Malls have increased their value by 50 percent over the last 18 months. However, a potential threat to this subsector is the malignant pattern followed by every type of property that is subject to high demand – oversupply. A grim example is Varna, where five shopping malls are being built or have just opened in a single district alone. Hopes are that the crisis will stop the mall-ification of larger cities and will redirect developers to smaller ones, where malls are much needed.

The logistics property sector looked set to replace holiday homes as the cash cow of 2008. Demand was huge, supply next to nil – the future looked brtight for developers in this sector. Instead of beginning thousands of projects, however, most of them either postponed plans or withdrew, scared away by the high prices of land for logistical purposes.

Demand for offce buildings has been high throughout the entire year, but the question is what will happen in 2009, when thousands of square metres in new buildings flood markets in larger cities.

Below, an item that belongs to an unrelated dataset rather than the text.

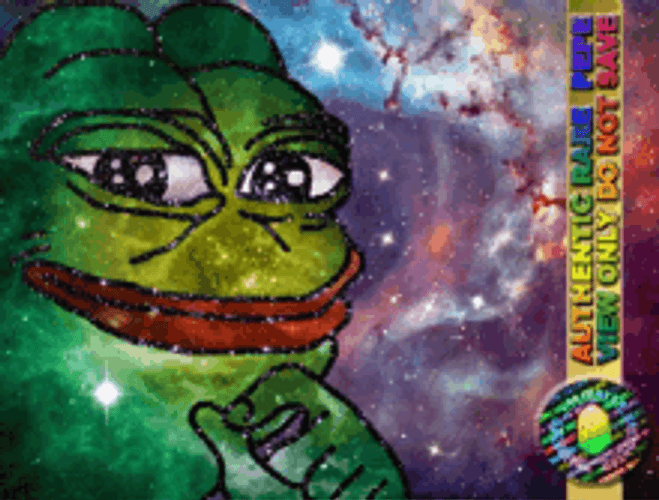 Pepe Frog Meme Hehe Reaction Galaxy Aesthetic GIF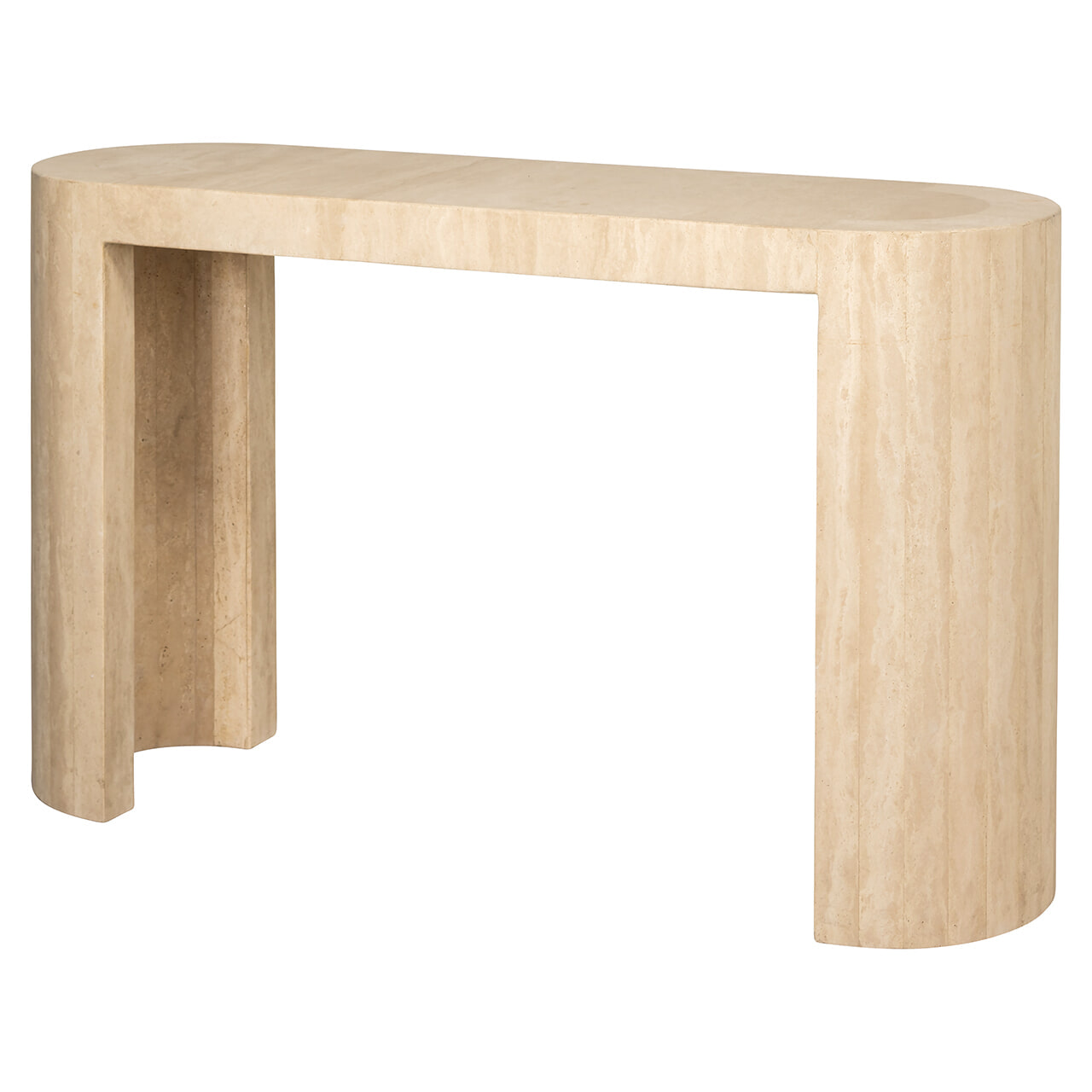Richmond Ovale Sidetable 'Biltmore' Travertin, 140cm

The end of the residential property party

In March 2008 brokers noticed the beginning of a disturbing trend: by a fraction, For Sale offers suddenly outnumbered buyers. This coincided with the onset of a panic at the possibility that the global credit crisis could strike Bulgaria. For the first time in at least three years, the demand-supply equilibrium in this subsector was upset. Paradoxically, owners reacted by increasing property prices by 10 to 20 percent. By then, however, inflation, interest rate hikes and common sense had forced people to think twice before swallowing another price jump. A large number of potential buyers decided to wait for better times, hoping that prices would drop to more realistic levels. Nobody really believed it would happen, yet even at the end of the summer, buyers were still cautious and reluctant to purchase. Finally, the cost of certain types of residential properties – mainly concrete block of flats – decreased, especially in major cities. The reduction was not substantial – five to seven percent at most – but it was symptomatic.

Competition among sellers grew severe. Some developers refused to reduce prices per square metre but found other ways to attract buyers. They offered 50 percent lower prices for so-called shared areas – in Bulgaria, staircases, elevators, corridors and entrance halls are included in the total price of an apartment and can account for up to 20 percent of the purchase price. Prices for properties in gated communities, most new buildings and in smaller cities have so far remained unchanged.

The year 2008 made clear what real estate brokers, property owners and the government grasped a year earlier – the British exodus that began in late 2006 was the least of their worries. UK investments were an accidental phenomenon that could not keep the Bulgarian property market dynamic and proἀtable for a long time. On their part, foreign companies failed to discover many investment opportunities because of systematic environmental degradation, inadequate banking policies, greedy owners setting unrealistic prices, lack of transparency and poor governmental control. All this, together with the macroeconomic climate, has shattered a market full of potential. Hopefully in 2009 Bulgaria can harness the healing effect of the global crisis to solve some purely local problems.